Patrząc na nowe smartfony Sony od razu widać, kto jest ich producentem - nawet jeśli nie byłoby widać nadrukowanego na obudowie logo. W smartfonach ze średniej półki nie sposób spodziewać się rewolucji pod względem wzornictwa, a Sony zdecydowało się na sprawdzony design - ale to wcale nie znaczy, że obyło się bez zmian i usprawnień.
Nowe Xperie mają obłe plecki, by wygodniej się je trzymało. Dwa droższe średniopółkowce z dzisiaj zaprezentowanych, czyli Xperia XA2 i Xperia XA2 Ultra, mają w dodatku bardzo wąskie ramki z lewej i prawej strony wyświetlacza, których jeszcze niedawno próżno było szukać nawet w tych najdroższych smartfonach dostępnych w sprzedaży.

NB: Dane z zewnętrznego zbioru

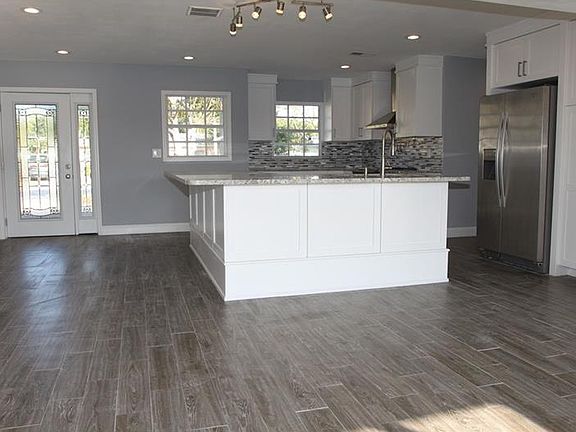 5th image of 9198 Sun Isle Dr NE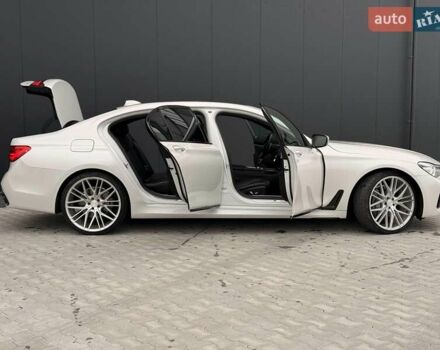 Белый БМВ 7 Серия, объемом двигателя 3 л и пробегом 113 тыс. км за 28440 $, фото 40 на Automoto.ua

Jedyne czego nie mogę przeboleć, to zmiany lokalizacji czytnika linii papilarnych. Chociaż nowe smartfony Sony mają ramkę pod ekranem, by zachować symetrię na froncie, skaner odcisków palców trafił na plecki urządzenia. Zdecydowanie wolę czytniki pod ekranem - lub na przycisku blokady... jak w niektórych poprzednich smartfonach z rodziny Xperia.